Paul Bunyan Land and This Old Farm
Updated August 12 , 2009
Laura Hasse

Original Article Posted
August 8, 2006
Mary LaPorte

Many think that Paul Bunyan Land was lost forever when it moved from Brainerd, MN, but that is far from the truth. It was relocated to This Old Farm off of Highway 18 just minutes away from Brainerd, MN. Years were spent fixing up and making new of a classic park.

When you arrive at the new Paul Bunyan Land, Babe the Blue Ox will greet you in the parking lot. Towering over everyone who enters is Paul Bunyan himself. He looks like he was just carved with fresh paint, new boots and shirt. Little kids peer up at his big eyes and duck when he says their name.

To the left of Paul is a dirt path that winds you through the park in a circle. The park is located in an open air field, not covered in pavement. You won’t be overwhelmed with vendors and thousands of spectators.
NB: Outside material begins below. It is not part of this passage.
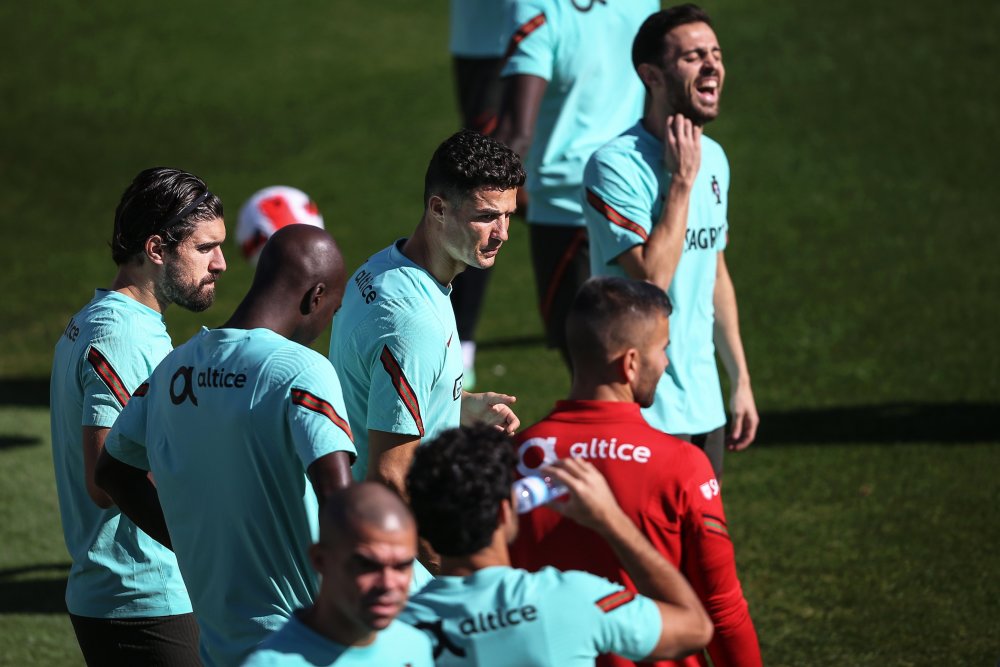 葡萄牙队备战世预赛c罗面带微笑状态好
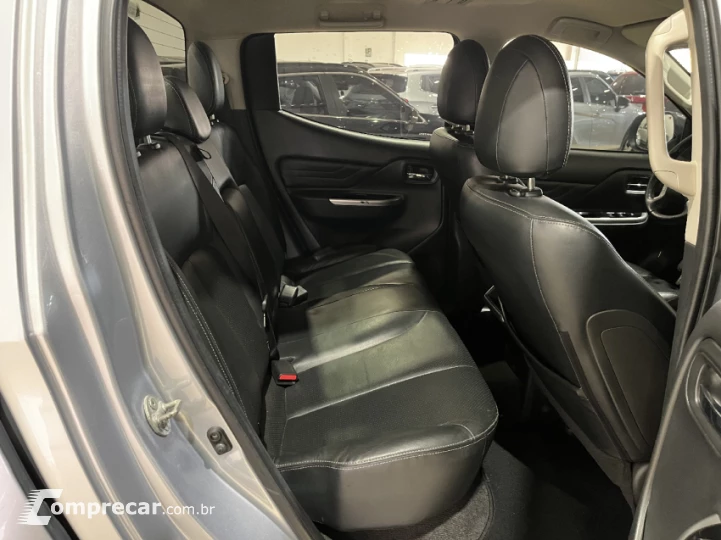 L200 TRITON 2.4 16V Turbo Sport HPE CD 4X4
Parents sit in the middle on picnic tables and watch their kids run from one attraction to another.

The park is filled with all the favorites, Olde Tyme Photos, Roller Coaster, Swings, and Bumper Cars. It even has some new things like an old fashion candy shop and a ghost mine. This isn’t just for older kids either, there are also rides for ages under five.

One of the fantastic things about the new location is that you feel like you are “up north”. The park is clean; you can breathe in the fresh air and look out at the corn fields lining the property. There is nothing overwhelming and fast paced about it…contrary to what you may think, it’s quite relaxing.

The dirt path eventually leads you back to Paul and from there you can wander into This Old Farm Pioneer Village. To get to the village you go through the old Bunk House where you can see life sized animated figures in restored kitchens and bunks of Paul’s crew. You then walk past the animal petting barn and Chicken Coop – where real chickens will do tricks for you.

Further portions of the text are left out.